The  New  HIPAA-cratic  Oath  for Health  Care  Professionals

 Patrick B. Kavanaugh, Ph.D.

(Author’s Note:  The American College of Physicians and Surgeons has published an analysis of HIPAA and its privacy provisions for public discussion and debate. This article relies on its analysis and background information and, additionally, the information presented at the Academy’s May 10th Board meeting. The following information may not be construed as legal advice. As with any legal issues, it would be wise to consult with an attorney who specializes in healthcare and HIPAA.) 

Passed in Congress with broad bipartisan support, the privacy rules of the Health Insurance Portabiltity and Accountability Act of 1996 (HIPAA) went into effect this past April 14th for most covered entities.  And the American Association of Physicians and Surgeons (AAPS), among other groups, went to court to protest HIPAA and the privacy provisions developed by the Department of Health and Human Services (HHS). 

In letters sent to the HHS secretary, the AAPS wrote on March 15th, 

In a nutshell, we object to the way the rule gives greater rights of access to the government than to the patient himself .... There is no justification for permitting public health surveillance and dissemination of personal medical records.

and on March 26th, the AAPS warned the HHS secretary that the regulations,

would have unintended consequences: the worst would be to enable if not guarantee wholesale invasions of privacy. We fully support the effort in Congress to repeal this work of the previous administration.

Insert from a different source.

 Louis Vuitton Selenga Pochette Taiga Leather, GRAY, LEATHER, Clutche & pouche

Don’t the HIPAA privacy provisions protect patient privacy?  In practice, the permitted uses and disclosures of patient information under HIPAA are anything the government authorizes—without patient authorization. The Institute for Health Freedom, a nonpartisan think-tank in Washington, D.C., that analyzes health issues, has made known its grave concerns about the HIPAA privacy provisions. After studying the 1200-page regulation, president Sue Blevins said,

The rule does not provide true medical privacy. Rather it actually weakens individuals’ ability to restrict access to their medical records. 

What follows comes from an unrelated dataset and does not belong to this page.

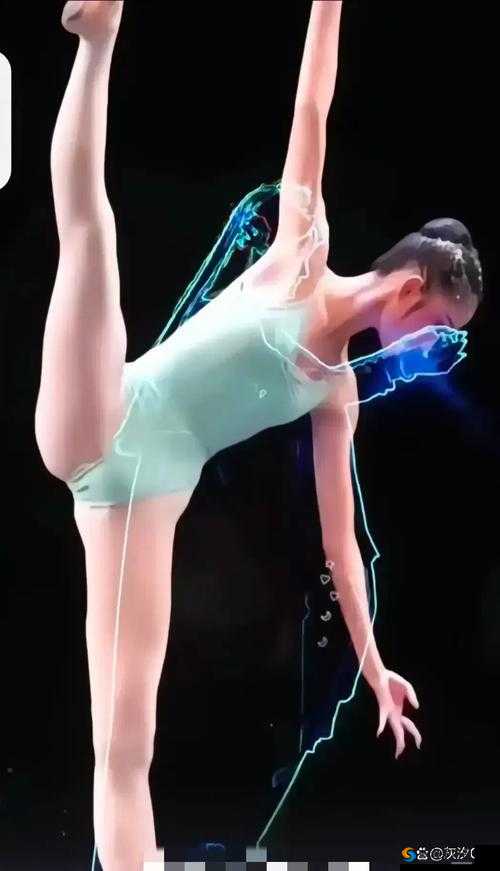 欣赏舞蹈的独特视角：双手攀上两团少女峰舞蹈室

Since its inception, members of the Academy have shared the common goal of ensuring that the privacy and autonomy necessary for psychoanalytic practice are solidly protected. And with the new HIPAA requirements, it appears that they are not. The Academy’s Board is opposed to the new HIPAA-cratic oath that requires the entry of personal and private information into a nationwide computer data base where it can be accessed by dozens of government agencies, thousands of bureaucrats, pharmaceutical corporations, private insurance companies, police agencies, foreign government officials, and others...without the person’s consent.

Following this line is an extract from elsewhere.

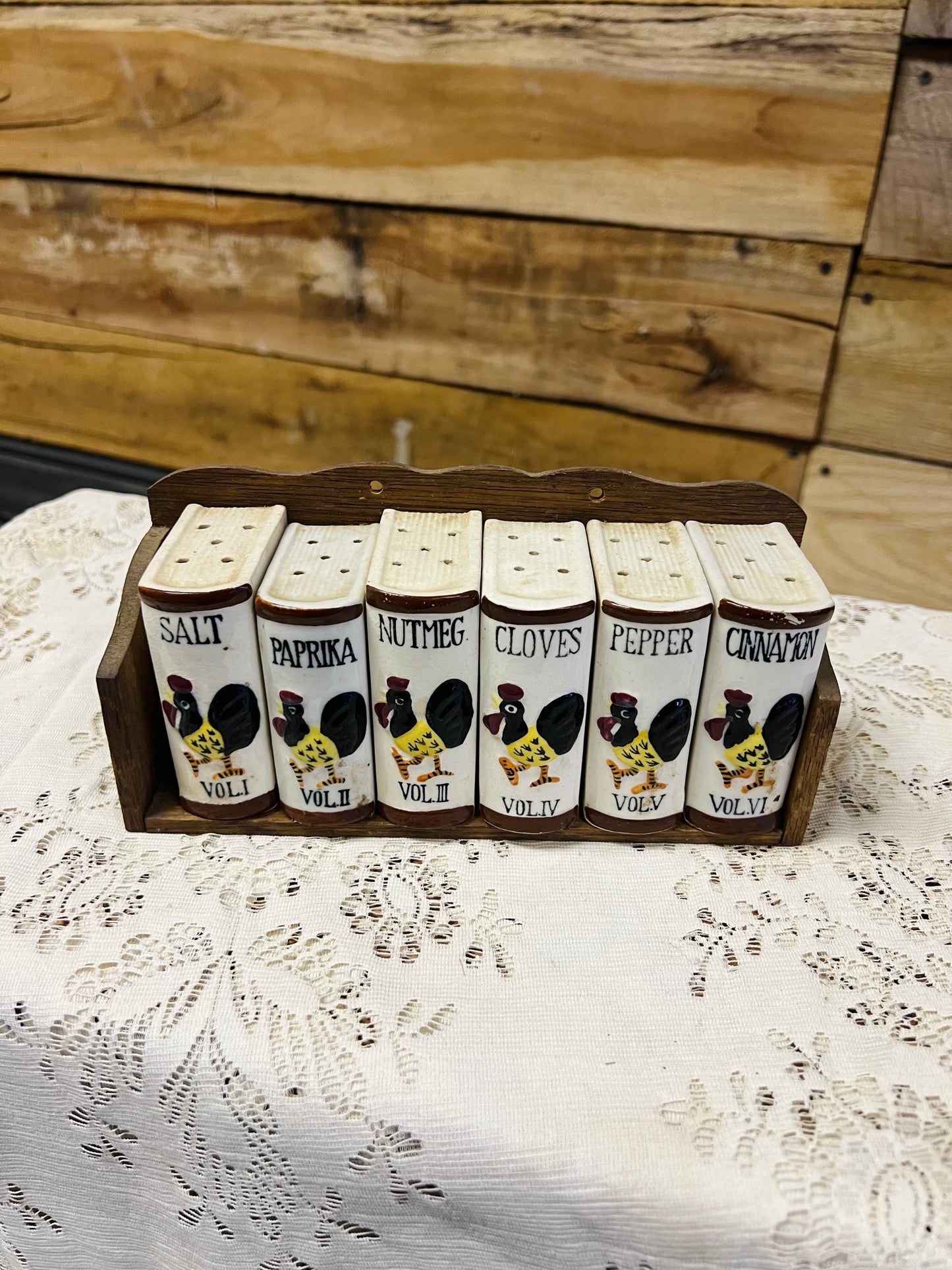 Vintage Ceramic Rooster Spice Shaker Set with Spice Rack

According to the AAPS’s analysis of HIPAA, this is what happens to information in the HIPAA system. Further, this sharing of records and information can take place for purposes that include: reporting abuse, health oversight activities, law enforcement, judicial and administrative proceedings, organ procurement, military and intelligence functions, workers’ compensation, health care research projects, marketing health-related products and services, and providing the data base for fund raising for health-related projects.  

There is something quite disturbing about this new HIPAA-cratic oath: with the enactment of HIPAA, there has been a radical and dramatic shift in the nature of the relationship between government, professional associations, and the citizenry.

HIPAA-crates: The Father of 21st-Century Medicine 

In many respects, our technocratic system has become the father of medicine in the 21st century. And HIPAA’s rules and regulations speak his technocratic rationality. The industrialization and deprofessionalization of the health care professions continue as the health care  reformation  redefines our professional standards from within this rationality. In psychology, recent years have witnessed standards developed for: continuing education (mandatory CE), analytic education and training (national health-care accreditation standards), and practice (HIPAA) and care (duties to report, warn, and medicate). More and more our professional associations turn to government to validate ourselves (licensing laws), our bodies of knowledge (national healthcare accreditation standards and licensing exams), and to the insurance industry to validate our scientific view of people (DSM-IV)."  Regulations regulate; standards standardize; and, institutions institutionalize. Apparently, it now takes a village of educrats, bureaucrats, governmental agencies, and professional associations to mandate and monitor matters of privacy and confidentiality.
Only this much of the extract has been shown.